From then on, I knew I never wanted to hide any part of my identity ever again. A lot of the times, code switching can translate to self-preservation or can mean safety from harassment or violence, but the work that I do as an LGBT Youth Advocate and as an openly queer adult consists of creating an affirming space that celebrates all the facets and intersections of everyone’s identities. It also means creating a support system for queer, trans, gender non-conforming people of color and people of all abilities and backgrounds, whom I know may not have that at home, at school, or in their day-to-day lives.

Our work as advocates and as adults who have the opportunity to work with and meet LGBTQ youth is all the more crucial now, considering the administration that we live under and how it actively works to deny trans and queer youth, low-income, immigrant and undocumented communities, and disabled folks any agency or justice. And while we live in an increasingly dangerous political climate, I know that the messages we send as adults who work with LGBTQ youth become all the more important in order to create spaces for long-term change in a world that works to silence us and erase us.

I moved back to Milwaukee last fall after having been in New York for four years, and I was determined to take what I had learned from my mentors and friends to continue the work here in the Midwest, especially after the attack in Orlando last summer.
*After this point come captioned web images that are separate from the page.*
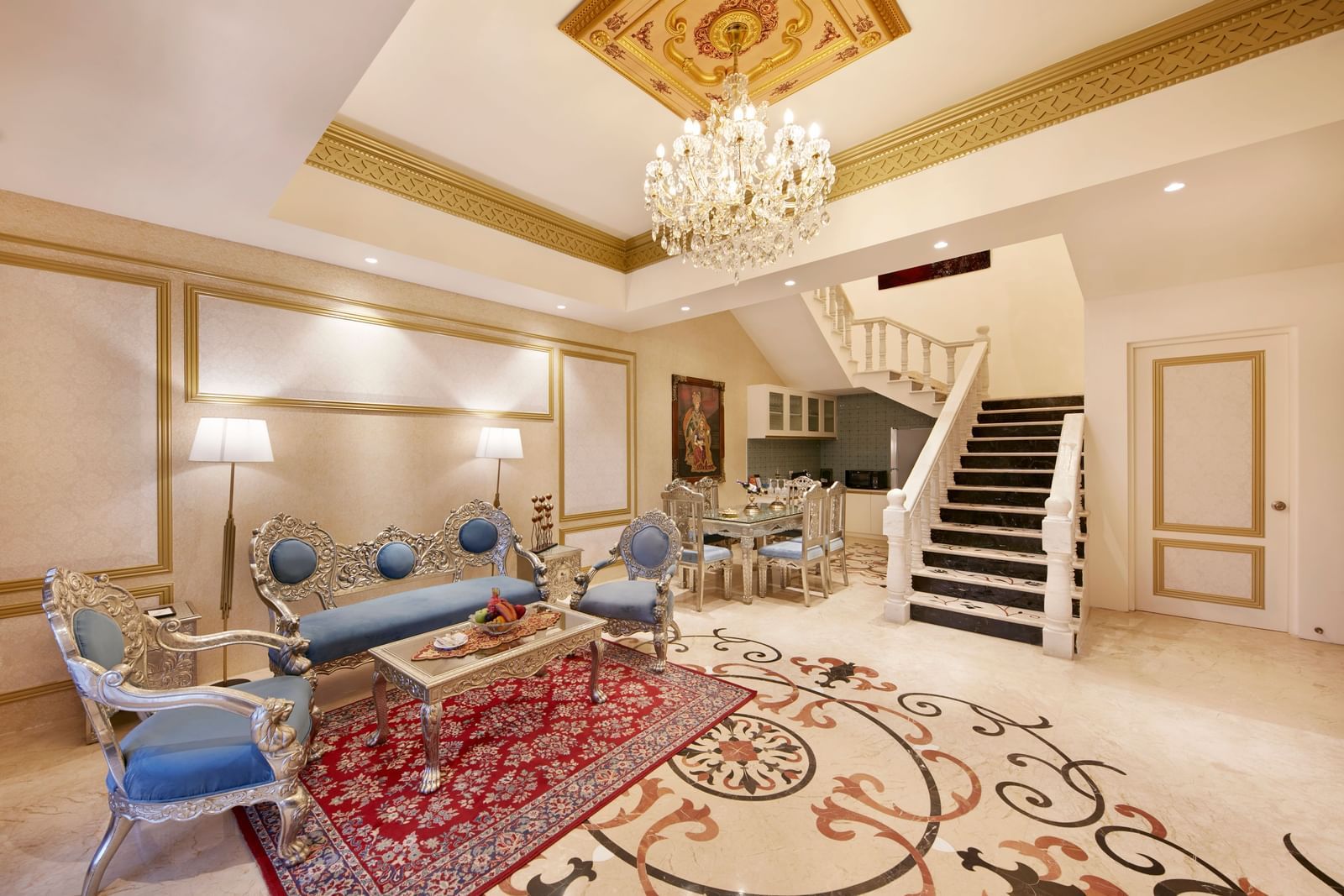 A living room featuring a bright chandelier and a mix of modern and traditional decor – Kaldan Samudra, one of the best 5 Star Resorts in Mahabalipuram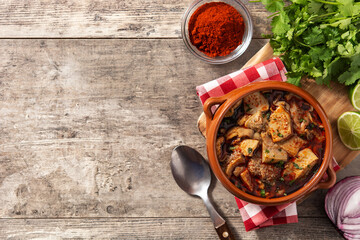 Traditional mondongo or el menudo soup on wooden table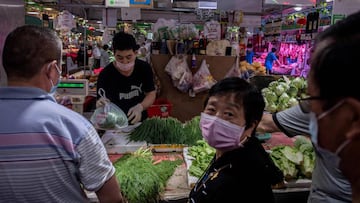(FILES) This file photo taken on June 20, 2020 shows a vendor (2nd L) selling vegetables at his stall at a market in Beijing. - A national campaign to curb mounting food waste in China is feeding speculation that the supply outlook is worse than the gover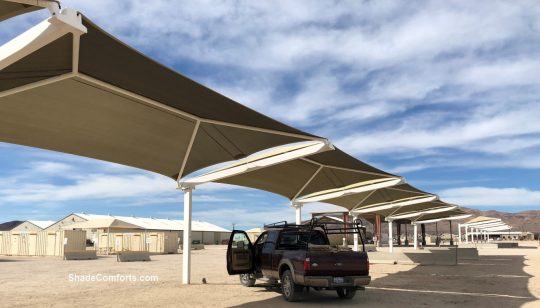 Fabric shade structures protect US Army tanks against UV damage and hot sun at Ft. Irwin. This base is in the Mojave Desert, which is one of the hottest places in the world.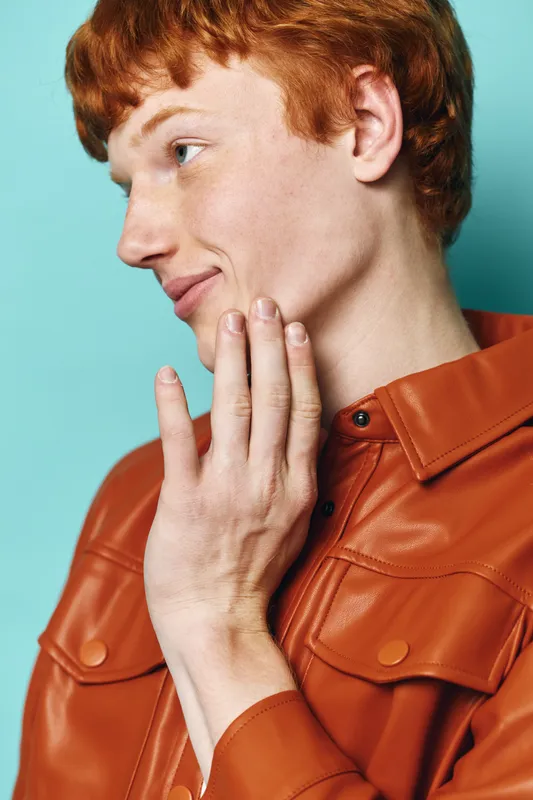 Young man with red hair wearing orange jacket touching face and looking sideways with calm expression against blue background in studio portrait with soft lighting.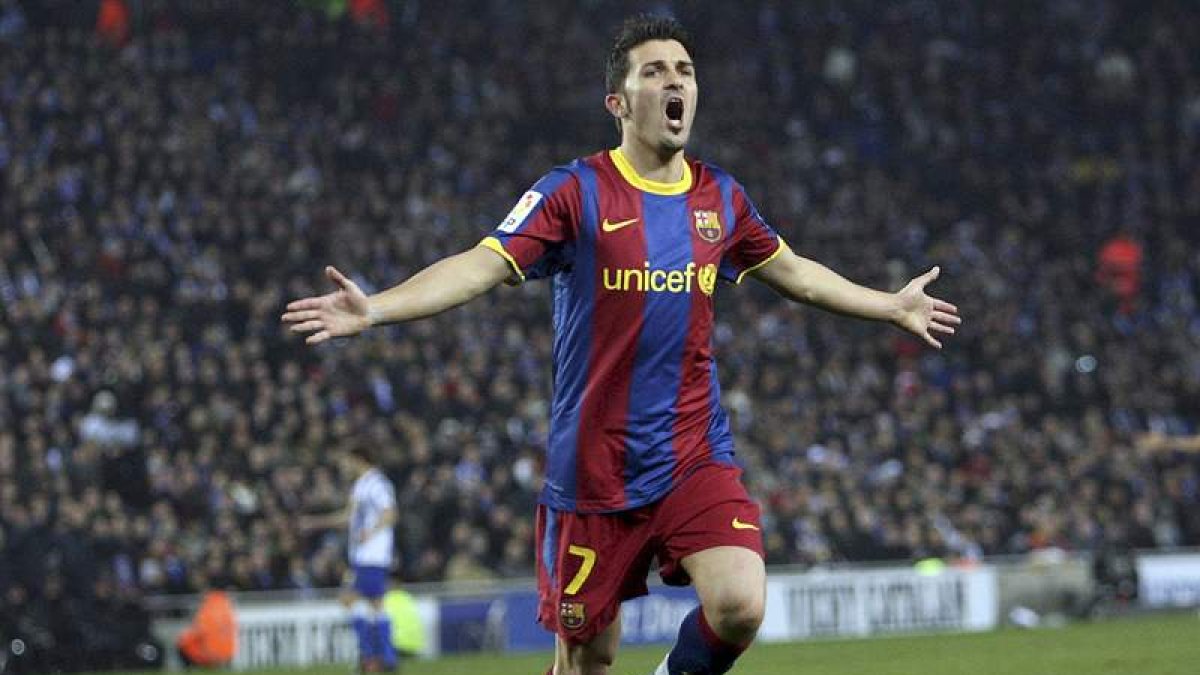 Villa celebra uno de sus goles con el Barcelona.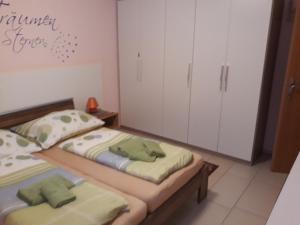 two twin beds in a room with white cabinets at Landhaus Jasmin - Apartment Untergeschoß in Bad Mitterndorf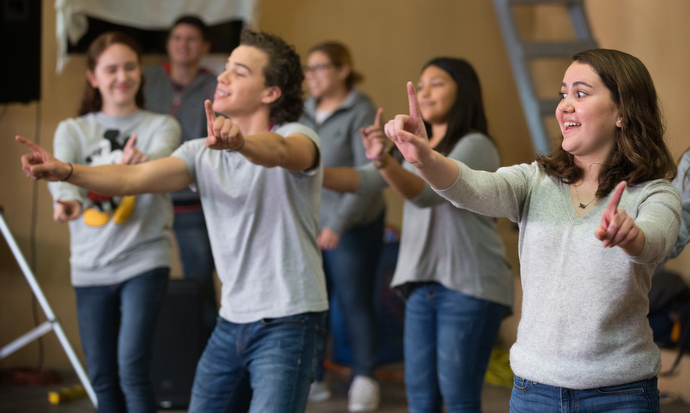 Youth from Nuevo Pacto Methodist Church lead a dance during the Christmas party.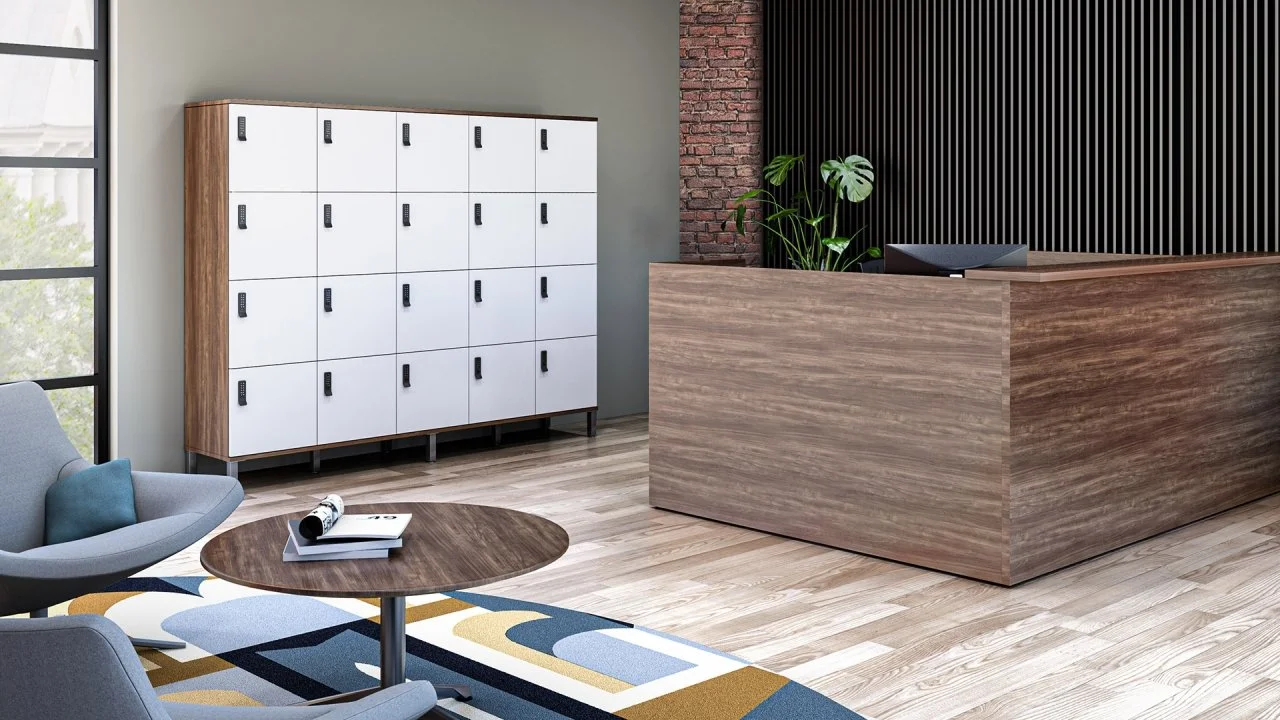 Modern reception area with wooden reception desk, plant, white lockers, and a cozy seating area with a rug and chairs.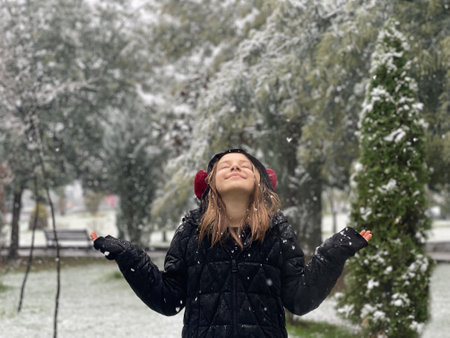 Excited little child girl laughing, walking and enjoying in the snow, outdoor winter portraitの写真素材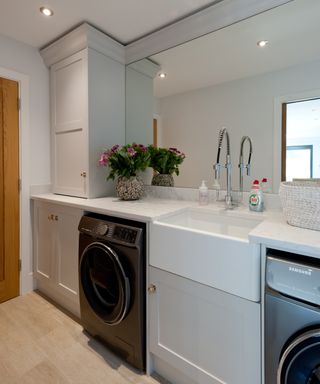 narrow utility room with large mirror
I came across the Milwaukee LGBT Community Center and was set on working with a team of like-minded folks dedicated to working with and advocating for the LGBTQ community. My long-term goal is to ensure that LGBTQ youth feel empowered enough to make a difference in their own communities and break down the borders in our society—whether that means starting a GSA at their school, organizing and challenging anti-LGBTQ policies, or fighting for all-gender restrooms on campus.